Nuclear physicist Wen Ho Lee charged with 59 counts in Los Alamos case

Lee
FBI agents arrested Lee at his home outside of Los Alamos, New Mexico  

December 10, 1999
Web posted at: 6:18 p.m. EST (2318 GMT)


In this story:

Prosecutions rare

RELATED STORIES, SITES icon



WASHINGTON (CNN) -- Former Los Alamos National Laboratory physicist Wen Ho Lee was indicted on 59 counts of violating the Federal Atomic Energy Act and the Federal Espionage Act on Friday, U.S. Attorney John Kelly said at a news conference.

Each count in the indictment deals with the possession, transfer, removal, concealment and other types of mishandling of classified information.

However, Lee is not charged with spying -- or giving classified information to a foreign government.

  MESSAGE BOARD
Nuclear spying
 

Kelly said each count under the Espionage Act -- the least punitive of the two acts, could carry a 10-year prison sentence.

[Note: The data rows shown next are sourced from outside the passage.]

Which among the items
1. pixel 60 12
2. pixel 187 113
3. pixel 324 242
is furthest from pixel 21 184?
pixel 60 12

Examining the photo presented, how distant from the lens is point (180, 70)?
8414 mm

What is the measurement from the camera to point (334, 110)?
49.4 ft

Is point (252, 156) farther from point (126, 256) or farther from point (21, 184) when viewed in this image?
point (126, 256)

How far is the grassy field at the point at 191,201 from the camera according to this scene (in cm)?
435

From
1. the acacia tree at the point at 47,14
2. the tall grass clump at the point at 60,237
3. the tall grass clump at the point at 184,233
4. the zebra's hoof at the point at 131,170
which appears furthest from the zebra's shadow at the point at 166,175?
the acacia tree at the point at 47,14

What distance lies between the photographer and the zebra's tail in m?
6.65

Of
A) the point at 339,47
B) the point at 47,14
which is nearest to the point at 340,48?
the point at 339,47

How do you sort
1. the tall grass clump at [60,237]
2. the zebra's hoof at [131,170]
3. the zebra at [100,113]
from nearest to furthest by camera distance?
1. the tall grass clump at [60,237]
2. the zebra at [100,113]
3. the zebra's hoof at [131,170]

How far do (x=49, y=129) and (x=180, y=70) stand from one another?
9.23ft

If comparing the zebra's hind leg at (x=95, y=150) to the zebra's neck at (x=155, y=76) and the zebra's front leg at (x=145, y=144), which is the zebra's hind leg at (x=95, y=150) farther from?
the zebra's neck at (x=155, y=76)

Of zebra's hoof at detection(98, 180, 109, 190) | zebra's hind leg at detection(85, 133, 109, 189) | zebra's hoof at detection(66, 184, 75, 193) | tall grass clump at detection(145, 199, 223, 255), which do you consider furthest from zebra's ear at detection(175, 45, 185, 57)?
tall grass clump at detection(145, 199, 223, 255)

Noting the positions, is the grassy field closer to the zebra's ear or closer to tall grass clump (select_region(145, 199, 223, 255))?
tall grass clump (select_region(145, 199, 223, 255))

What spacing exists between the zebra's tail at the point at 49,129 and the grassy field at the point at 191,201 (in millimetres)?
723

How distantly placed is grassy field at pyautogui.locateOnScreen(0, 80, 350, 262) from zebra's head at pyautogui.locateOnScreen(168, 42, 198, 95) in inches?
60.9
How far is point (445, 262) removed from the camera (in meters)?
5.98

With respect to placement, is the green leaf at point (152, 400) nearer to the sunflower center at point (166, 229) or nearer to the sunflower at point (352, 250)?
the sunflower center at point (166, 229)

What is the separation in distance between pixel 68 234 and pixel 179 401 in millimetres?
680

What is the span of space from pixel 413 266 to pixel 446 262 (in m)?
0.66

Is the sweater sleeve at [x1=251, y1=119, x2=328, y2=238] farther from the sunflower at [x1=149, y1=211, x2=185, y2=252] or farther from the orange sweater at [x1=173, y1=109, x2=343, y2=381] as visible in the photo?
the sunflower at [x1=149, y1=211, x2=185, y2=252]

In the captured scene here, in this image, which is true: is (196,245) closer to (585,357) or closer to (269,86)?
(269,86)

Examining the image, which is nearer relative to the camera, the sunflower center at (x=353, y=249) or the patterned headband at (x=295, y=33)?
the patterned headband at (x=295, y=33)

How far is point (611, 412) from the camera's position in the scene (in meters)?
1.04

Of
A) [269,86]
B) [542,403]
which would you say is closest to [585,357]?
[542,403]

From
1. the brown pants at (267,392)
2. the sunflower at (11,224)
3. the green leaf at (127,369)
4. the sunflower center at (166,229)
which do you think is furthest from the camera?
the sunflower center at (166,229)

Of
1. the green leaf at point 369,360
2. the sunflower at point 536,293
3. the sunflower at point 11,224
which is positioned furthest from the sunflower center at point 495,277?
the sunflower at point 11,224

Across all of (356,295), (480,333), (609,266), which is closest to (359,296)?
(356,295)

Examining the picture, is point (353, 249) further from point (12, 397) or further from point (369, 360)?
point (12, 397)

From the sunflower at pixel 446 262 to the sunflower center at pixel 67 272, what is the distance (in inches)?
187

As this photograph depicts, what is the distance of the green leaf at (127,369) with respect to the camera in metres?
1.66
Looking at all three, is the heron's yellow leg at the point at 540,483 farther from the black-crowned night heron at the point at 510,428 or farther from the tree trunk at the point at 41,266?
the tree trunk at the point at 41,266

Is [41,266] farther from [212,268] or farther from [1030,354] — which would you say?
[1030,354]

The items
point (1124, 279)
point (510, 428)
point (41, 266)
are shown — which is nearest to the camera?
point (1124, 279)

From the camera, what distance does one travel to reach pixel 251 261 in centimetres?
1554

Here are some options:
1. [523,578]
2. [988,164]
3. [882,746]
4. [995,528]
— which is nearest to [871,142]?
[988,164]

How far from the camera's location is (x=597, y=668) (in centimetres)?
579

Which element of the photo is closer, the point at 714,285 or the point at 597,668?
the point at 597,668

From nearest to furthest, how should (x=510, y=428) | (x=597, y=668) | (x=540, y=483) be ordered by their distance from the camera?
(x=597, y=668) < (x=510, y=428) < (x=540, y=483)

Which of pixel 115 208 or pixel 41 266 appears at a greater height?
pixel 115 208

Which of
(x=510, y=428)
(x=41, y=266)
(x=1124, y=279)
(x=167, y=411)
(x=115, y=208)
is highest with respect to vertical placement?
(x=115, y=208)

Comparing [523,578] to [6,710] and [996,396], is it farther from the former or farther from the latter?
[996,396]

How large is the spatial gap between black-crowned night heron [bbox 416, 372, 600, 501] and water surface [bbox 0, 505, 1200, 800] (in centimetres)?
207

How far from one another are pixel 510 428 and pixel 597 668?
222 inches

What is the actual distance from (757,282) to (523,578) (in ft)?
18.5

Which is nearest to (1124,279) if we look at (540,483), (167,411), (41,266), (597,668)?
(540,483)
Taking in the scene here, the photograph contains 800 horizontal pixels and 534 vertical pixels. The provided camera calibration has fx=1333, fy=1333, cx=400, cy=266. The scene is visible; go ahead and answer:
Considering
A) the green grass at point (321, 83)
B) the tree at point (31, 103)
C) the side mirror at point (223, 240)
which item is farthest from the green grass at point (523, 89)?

Under the Atomic Energy Act, he faces up to a life sentence. Both statutes carry possible $250,000 fines.

Lee's lawyer Mark Holscher said his client would fight the charges.

"We are extremely disappointed by the Justice Department's refusal to explore approaches which would establish that Dr. Lee did not in any way criminally violate the laws of the United States while working as an employee at the Los Alamos National Laboratory," he said.

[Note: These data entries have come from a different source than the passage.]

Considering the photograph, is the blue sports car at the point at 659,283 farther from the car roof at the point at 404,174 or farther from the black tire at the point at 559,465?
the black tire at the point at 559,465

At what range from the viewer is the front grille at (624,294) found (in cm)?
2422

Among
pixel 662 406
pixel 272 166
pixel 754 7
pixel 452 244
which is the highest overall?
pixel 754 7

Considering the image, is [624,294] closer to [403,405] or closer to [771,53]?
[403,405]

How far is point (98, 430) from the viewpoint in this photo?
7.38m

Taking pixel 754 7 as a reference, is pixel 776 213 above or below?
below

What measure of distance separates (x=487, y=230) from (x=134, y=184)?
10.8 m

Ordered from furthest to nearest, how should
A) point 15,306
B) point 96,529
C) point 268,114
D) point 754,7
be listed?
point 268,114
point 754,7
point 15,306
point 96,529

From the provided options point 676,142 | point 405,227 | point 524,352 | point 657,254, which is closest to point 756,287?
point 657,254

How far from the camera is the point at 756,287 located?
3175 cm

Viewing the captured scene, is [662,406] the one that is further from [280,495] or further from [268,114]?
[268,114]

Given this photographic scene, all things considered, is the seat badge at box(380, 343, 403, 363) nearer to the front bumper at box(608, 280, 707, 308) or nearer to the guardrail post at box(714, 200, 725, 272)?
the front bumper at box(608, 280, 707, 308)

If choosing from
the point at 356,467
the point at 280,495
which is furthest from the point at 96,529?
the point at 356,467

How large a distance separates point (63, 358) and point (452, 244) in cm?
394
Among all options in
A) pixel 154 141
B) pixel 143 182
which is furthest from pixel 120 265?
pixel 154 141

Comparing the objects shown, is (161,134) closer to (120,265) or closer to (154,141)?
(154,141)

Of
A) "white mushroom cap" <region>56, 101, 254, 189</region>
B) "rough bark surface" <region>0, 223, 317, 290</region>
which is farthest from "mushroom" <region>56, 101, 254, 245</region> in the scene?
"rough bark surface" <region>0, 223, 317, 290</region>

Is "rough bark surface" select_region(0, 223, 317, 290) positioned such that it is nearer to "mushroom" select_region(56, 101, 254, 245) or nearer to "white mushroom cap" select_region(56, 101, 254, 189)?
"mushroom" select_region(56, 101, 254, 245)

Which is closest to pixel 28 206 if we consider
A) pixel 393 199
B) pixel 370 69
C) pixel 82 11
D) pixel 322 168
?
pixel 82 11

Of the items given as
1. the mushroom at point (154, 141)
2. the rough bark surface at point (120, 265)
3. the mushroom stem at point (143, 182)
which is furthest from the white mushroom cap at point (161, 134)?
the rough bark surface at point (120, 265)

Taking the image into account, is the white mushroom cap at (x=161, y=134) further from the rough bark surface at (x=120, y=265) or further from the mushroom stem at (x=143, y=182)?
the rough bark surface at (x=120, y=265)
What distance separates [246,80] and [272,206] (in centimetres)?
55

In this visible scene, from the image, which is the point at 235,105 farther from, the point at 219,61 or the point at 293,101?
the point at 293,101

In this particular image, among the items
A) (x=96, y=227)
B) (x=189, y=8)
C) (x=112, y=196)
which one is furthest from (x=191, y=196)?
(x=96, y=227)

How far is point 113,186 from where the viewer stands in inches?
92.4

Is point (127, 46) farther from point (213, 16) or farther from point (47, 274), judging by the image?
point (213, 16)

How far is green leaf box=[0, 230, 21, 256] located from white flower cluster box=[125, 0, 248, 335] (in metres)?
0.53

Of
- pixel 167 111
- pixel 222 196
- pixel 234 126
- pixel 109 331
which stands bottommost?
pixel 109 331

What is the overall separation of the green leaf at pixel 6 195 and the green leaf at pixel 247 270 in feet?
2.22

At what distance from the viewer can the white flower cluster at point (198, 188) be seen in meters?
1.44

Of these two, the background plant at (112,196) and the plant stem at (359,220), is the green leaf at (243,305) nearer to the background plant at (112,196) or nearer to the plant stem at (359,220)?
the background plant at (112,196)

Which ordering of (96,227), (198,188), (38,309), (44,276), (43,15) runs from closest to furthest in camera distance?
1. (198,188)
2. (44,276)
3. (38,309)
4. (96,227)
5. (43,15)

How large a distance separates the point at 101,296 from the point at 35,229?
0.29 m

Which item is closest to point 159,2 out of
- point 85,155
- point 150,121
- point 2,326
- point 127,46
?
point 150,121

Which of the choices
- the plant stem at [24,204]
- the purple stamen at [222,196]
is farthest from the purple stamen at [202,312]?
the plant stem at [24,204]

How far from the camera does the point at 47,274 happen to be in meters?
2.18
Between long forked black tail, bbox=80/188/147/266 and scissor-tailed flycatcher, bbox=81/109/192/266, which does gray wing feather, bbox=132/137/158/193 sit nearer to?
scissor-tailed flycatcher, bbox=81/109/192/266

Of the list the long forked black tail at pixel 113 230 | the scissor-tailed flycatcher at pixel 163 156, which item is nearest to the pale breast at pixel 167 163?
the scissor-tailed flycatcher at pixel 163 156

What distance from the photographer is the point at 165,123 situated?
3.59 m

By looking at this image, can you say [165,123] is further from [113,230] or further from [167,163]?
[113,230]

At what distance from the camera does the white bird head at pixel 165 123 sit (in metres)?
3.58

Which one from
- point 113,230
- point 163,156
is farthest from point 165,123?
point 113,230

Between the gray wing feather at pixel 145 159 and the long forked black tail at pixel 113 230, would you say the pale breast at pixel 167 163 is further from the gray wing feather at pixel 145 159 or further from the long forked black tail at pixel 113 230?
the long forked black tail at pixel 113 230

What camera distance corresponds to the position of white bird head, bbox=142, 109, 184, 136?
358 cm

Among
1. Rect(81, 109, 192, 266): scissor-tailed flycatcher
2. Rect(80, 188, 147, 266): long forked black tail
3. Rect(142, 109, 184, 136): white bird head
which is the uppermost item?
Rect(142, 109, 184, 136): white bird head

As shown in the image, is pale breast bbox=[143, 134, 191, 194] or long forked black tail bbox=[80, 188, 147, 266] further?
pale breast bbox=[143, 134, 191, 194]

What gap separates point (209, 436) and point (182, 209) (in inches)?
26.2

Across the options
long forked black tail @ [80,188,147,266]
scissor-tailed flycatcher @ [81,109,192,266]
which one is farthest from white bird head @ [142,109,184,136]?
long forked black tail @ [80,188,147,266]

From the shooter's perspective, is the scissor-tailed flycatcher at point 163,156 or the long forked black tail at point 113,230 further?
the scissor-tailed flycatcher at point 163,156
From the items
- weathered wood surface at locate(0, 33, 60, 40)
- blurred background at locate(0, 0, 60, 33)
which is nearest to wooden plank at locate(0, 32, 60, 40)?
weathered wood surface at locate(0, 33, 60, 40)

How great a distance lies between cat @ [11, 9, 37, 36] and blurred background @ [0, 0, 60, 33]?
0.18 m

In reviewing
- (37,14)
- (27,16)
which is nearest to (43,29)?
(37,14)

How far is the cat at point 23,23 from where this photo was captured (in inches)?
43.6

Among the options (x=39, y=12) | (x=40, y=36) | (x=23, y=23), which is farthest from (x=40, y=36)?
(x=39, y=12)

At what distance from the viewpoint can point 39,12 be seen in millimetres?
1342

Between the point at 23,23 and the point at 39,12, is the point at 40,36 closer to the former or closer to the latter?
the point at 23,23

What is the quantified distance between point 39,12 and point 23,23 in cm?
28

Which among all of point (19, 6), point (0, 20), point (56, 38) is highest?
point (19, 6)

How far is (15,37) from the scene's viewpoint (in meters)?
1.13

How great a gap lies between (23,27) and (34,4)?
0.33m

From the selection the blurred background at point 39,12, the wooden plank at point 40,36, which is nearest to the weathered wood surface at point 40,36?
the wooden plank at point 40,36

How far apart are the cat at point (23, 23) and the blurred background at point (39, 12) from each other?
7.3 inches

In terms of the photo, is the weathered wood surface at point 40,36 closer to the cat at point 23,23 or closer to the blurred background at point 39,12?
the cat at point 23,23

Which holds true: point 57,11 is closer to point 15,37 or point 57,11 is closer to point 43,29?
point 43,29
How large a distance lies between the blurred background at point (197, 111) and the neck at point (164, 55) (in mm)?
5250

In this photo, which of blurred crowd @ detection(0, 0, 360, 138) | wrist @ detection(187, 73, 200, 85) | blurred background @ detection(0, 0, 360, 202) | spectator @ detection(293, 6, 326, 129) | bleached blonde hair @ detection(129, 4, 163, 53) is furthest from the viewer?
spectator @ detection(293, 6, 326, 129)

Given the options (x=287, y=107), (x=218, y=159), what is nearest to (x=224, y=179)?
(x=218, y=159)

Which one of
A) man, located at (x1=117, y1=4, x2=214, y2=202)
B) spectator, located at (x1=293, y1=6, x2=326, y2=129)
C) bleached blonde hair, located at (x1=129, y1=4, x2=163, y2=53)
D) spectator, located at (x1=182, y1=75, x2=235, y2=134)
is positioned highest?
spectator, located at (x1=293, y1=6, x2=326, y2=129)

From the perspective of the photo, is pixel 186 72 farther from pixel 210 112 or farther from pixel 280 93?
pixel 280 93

Justice Department officials had been debating for months whether to charge Lee with violations of the Atomic Energy Act.

He was taken into custody near his home in New Mexico without incident.

Los Alamos lab
Lee was fired from Los Alamos National Laboratory in New Mexico in March for alleged security violations  

Prosecutions rare

Although prosecutions on such matters have been extremely rare, some federal officials argued for an indictment because of the extreme sensitivity of the information Lee allegedly mishandled, namely nuclear weapons codes.

Such information is essentially the blueprint for many of the nation's most sophisticated nuclear weapons.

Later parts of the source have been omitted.